En 2025, la sonde passera à 6,2 millions de kilomètres de notre étoile, là où aucun engin construit par l’homme ne s’est jamais aventuré. A cette distance, le choix des instruments est limité : avec une température dépassant les 1400 degrés, impossible d’embarquer une caméra ! Mais cette proximité sera en revanche idéale pour analyser des particules.


Solar Orbiter, elle, emporte 10 instruments : 4 instruments de mesures in-situ et 6 instruments de télédétection (mesure à distance). Elle dispose donc d’un avantage de taille : elle pourra « suivre » des événements comme des éruptions solaires.
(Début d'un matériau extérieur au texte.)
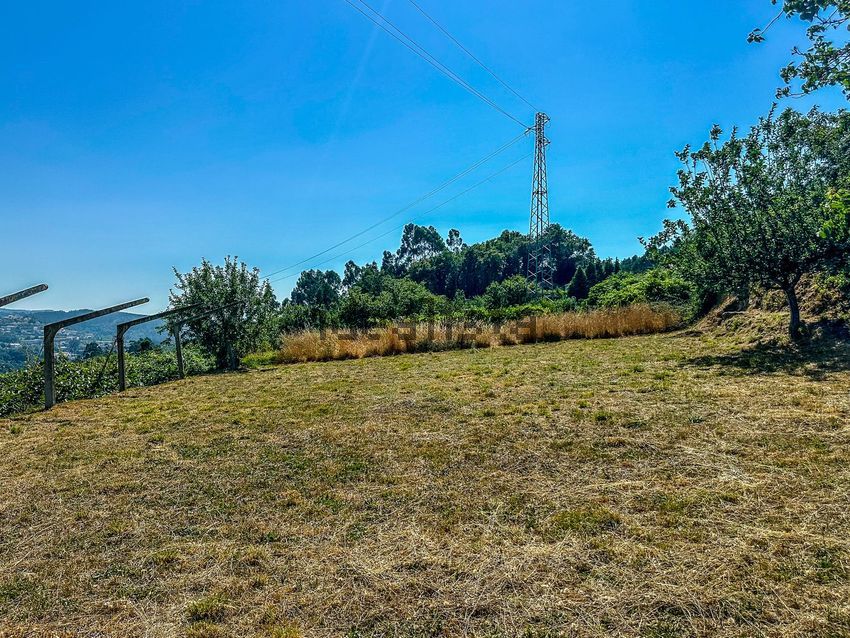 Moradia T3 à venda em Mozelos, Paredes de Coura — foto 39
Autrement dit, lorsqu’un événement aura lieu à la surface du Soleil, nous serons capables de mesurer les effets de cet événement au plus près du Soleil (via la télédétection) et au plus près de la sonde (via la mesure in-situ) en même temps.

Solar Orbiter orbitera à environ 42 millions de km du Soleil, donc beaucoup plus loin que Parker Solar Probe. Cela lui permet d’embarquer plusieurs capteurs d’images qui prendront des photos du Soleil avec une précision inégalée : « La différence est dans la gamme de longueurs d'ondes et le type de structures observées. Pour des images de la couronne du Soleil, nous pensons pouvoir faire 2 à 3 fois mieux que les instruments en orbite terrestre ! 
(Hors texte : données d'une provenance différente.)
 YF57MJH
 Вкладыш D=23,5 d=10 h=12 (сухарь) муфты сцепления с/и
Par ailleurs, Solar Orbiter sera le 1er satellite à s’approcher aussi près du Soleil avec des caméras à haute résolution. 

Isabelle Fratter, chef de projet Solar Orbiter

Au cours de la 2ème partie de la mission, l’inclination du plan de l’orbite s’élèvera de 24° à 33° par rapport au plan de l’écliptique. Un tout nouveau point de vue pour l'observation de notre étoile sera donc possible. Seront obtenues les toutes premières images des régions polaires du Soleil, importantes pour mieux appréhender l'origine du vent solaire rapide et l'évolution du champ magnétique à ces latitudes.

Les différentes manœuvres du satellite l’amèneront également à prendre les premières images de notre étoile depuis l'intérieur de l'orbite de Mercure. « A ces distances, la vitesse de la sonde se rapprochera de la vitesse de rotation du Soleil, indique Kader Amsif. Cela lui permettra ainsi de suivre des régions près de sa surface plus longtemps que toute autre mission spatiale. »

Autant dire que Solar Orbiter et Parker Solar Probe ont du pain sur la planche !

Le rôle du CNES


Solar Orbiter

La communauté scientifique française a très fortement contribué à la mission en fournissant l’instrument RPW et en contribuant à la réalisation de 5 autres instruments de la charge utile. Le CNES est responsable de l’ensemble de la contribution française, développée en partenariat avec les laboratoires du CNRS et du CEA, de l’Observatoire de Paris, des universités et écoles.


Parker Solar Probe

Soutenus par le CNES, des laboratoires français (LPC2E, LPP) ont contribué aux instruments de Parker Solar Probe.